From the data below, repeat exactly the lines from the line with "Ultimate Repair &" to the line with "mycoplasma dapi", both included.

PROVIDED RECORDS:
•••••
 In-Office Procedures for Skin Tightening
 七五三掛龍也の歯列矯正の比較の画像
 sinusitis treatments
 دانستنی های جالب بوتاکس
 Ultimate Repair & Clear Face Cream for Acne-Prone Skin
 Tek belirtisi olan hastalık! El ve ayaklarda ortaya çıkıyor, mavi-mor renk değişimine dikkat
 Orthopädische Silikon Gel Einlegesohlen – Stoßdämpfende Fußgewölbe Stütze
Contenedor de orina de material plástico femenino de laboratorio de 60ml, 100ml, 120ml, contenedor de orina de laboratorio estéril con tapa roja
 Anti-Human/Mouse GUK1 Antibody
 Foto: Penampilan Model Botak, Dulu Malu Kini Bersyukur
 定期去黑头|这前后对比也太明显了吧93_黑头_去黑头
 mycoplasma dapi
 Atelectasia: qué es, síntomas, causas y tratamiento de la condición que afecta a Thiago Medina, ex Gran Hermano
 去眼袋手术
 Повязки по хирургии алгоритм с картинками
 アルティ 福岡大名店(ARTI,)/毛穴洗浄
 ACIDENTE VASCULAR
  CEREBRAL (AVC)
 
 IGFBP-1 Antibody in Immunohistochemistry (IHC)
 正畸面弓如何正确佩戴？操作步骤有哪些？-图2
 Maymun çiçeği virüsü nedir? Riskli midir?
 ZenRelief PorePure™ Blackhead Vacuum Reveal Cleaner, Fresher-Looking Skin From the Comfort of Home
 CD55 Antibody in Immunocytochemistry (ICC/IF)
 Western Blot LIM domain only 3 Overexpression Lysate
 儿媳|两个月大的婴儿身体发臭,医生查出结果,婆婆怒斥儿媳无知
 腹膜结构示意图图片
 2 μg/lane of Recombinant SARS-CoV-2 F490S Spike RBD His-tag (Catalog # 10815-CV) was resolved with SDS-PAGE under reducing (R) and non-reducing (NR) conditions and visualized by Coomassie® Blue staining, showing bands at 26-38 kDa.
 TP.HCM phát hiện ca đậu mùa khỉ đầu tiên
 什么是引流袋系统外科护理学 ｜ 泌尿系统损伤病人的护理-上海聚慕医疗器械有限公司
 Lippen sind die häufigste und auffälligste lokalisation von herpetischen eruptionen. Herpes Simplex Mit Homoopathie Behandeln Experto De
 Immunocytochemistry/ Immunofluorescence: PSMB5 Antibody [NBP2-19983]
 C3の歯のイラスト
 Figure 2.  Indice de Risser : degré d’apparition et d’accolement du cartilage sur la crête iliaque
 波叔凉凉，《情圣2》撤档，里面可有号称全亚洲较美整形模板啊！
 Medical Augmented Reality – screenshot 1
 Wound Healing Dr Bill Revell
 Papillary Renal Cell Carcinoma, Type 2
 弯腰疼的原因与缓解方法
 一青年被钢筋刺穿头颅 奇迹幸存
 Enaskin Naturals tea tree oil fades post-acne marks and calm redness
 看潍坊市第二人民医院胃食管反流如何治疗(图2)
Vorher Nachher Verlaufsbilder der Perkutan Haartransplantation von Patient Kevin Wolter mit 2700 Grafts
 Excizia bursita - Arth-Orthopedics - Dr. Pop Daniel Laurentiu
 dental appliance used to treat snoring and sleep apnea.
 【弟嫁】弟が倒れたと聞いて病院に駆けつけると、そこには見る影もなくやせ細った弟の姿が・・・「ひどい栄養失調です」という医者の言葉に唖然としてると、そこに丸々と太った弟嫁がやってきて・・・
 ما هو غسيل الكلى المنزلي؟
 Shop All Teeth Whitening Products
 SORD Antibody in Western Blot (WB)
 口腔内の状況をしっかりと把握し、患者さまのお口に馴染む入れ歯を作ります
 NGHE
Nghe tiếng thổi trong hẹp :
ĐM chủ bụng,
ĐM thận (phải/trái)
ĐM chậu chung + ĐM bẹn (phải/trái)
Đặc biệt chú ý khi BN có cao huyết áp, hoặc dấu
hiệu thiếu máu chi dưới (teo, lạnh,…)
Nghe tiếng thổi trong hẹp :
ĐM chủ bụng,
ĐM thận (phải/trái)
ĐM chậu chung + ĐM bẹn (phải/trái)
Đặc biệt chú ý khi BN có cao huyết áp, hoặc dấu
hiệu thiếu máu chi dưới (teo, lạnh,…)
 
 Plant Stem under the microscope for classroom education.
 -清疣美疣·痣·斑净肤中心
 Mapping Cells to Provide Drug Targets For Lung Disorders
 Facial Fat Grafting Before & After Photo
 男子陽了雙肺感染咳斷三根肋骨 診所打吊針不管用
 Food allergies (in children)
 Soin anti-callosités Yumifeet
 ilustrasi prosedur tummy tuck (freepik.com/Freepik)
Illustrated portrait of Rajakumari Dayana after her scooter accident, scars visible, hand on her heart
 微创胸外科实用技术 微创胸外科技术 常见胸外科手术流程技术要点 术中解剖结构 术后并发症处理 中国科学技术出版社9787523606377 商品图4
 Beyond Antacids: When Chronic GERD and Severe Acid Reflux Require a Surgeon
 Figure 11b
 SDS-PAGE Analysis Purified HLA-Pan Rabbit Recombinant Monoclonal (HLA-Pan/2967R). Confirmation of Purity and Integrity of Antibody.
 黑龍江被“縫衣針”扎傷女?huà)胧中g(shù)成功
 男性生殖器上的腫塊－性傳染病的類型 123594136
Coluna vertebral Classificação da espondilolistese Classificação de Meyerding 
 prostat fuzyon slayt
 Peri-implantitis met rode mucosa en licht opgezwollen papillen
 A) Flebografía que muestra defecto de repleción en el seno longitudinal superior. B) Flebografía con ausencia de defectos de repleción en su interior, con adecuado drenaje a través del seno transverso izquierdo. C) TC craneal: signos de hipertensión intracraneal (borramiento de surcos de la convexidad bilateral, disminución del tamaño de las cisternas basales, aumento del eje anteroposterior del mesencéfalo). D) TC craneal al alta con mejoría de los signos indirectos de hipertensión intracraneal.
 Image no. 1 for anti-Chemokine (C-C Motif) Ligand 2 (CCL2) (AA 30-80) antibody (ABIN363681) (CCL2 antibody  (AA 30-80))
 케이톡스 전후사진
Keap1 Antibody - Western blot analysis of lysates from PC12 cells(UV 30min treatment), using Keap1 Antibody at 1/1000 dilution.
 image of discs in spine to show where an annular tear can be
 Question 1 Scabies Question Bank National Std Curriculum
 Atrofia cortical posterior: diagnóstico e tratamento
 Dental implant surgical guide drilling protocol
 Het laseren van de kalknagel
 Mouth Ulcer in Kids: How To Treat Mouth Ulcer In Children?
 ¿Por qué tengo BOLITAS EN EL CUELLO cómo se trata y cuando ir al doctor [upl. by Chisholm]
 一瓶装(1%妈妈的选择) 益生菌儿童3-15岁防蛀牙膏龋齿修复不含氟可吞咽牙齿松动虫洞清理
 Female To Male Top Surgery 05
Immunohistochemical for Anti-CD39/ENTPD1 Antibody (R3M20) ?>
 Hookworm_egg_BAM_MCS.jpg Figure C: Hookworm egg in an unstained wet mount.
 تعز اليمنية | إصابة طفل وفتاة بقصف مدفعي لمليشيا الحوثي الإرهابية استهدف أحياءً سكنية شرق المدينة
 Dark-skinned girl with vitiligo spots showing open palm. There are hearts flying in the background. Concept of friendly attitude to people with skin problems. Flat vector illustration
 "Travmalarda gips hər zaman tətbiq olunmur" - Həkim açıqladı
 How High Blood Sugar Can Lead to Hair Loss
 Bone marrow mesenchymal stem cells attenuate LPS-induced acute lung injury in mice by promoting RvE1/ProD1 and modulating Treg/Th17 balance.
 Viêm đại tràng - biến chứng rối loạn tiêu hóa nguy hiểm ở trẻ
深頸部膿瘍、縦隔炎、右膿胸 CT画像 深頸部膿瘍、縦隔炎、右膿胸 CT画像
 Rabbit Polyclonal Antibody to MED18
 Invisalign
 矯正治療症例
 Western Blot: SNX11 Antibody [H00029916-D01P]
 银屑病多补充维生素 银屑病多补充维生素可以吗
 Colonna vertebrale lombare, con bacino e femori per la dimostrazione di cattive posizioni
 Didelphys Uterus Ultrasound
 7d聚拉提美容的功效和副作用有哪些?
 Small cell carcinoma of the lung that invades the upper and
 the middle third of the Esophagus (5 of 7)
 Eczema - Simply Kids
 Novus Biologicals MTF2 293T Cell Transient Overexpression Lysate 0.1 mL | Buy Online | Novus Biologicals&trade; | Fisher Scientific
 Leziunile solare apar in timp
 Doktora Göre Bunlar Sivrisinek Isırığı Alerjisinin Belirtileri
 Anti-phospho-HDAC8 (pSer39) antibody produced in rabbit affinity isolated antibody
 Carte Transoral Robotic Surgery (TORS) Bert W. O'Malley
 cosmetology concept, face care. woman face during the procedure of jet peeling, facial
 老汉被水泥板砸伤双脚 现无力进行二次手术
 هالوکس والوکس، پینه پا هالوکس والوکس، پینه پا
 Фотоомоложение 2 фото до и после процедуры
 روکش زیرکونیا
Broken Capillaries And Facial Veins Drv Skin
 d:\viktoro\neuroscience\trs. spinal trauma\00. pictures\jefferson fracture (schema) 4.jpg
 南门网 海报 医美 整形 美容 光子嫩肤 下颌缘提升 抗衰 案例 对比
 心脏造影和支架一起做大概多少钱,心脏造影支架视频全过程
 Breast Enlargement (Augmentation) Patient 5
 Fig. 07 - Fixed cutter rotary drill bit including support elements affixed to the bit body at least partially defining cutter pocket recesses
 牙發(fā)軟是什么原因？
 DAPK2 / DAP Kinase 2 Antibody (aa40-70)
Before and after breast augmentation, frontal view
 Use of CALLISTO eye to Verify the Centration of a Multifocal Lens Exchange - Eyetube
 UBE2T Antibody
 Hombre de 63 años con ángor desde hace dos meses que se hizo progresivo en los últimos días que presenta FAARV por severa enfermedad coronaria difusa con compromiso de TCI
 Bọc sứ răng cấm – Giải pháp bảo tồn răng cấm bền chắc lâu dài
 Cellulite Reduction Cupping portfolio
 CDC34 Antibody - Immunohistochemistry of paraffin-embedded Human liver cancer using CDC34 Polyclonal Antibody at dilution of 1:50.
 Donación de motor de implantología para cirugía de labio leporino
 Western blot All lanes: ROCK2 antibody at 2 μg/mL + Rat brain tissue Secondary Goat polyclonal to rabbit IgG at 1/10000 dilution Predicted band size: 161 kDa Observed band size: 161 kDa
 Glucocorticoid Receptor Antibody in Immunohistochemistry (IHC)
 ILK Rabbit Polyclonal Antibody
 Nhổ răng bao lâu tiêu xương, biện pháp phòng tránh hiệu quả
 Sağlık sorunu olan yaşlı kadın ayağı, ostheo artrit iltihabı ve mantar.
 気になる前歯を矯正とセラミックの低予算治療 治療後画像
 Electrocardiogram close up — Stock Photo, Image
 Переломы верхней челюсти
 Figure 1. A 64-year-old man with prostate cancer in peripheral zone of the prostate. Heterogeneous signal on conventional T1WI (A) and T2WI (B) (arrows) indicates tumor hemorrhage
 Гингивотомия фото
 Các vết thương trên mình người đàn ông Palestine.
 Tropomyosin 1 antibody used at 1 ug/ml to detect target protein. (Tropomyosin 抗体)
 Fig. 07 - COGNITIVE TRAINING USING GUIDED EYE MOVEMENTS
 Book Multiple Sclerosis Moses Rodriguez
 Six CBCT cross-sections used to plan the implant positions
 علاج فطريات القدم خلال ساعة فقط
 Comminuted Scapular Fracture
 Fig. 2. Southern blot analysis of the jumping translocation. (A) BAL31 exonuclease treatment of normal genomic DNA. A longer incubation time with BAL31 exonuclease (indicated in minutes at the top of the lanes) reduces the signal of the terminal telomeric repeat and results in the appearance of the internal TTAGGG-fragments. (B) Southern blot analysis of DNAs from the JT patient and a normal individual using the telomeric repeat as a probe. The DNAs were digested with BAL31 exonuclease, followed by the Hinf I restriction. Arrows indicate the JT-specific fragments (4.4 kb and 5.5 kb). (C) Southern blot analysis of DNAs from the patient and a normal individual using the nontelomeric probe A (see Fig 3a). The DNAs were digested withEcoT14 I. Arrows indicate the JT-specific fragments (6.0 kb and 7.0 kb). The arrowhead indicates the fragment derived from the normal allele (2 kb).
•••••
SOLVED PROBLEM:
 Ultimate Repair & Clear Face Cream for Acne-Prone Skin
 Tek belirtisi olan hastalık! El ve ayaklarda ortaya çıkıyor, mavi-mor renk değişimine dikkat
 Orthopädische Silikon Gel Einlegesohlen – Stoßdämpfende Fußgewölbe Stütze
Contenedor de orina de material plástico femenino de laboratorio de 60ml, 100ml, 120ml, contenedor de orina de laboratorio estéril con tapa roja
 Anti-Human/Mouse GUK1 Antibody
 Foto: Penampilan Model Botak, Dulu Malu Kini Bersyukur
 定期去黑头|这前后对比也太明显了吧93_黑头_去黑头
 mycoplasma dapi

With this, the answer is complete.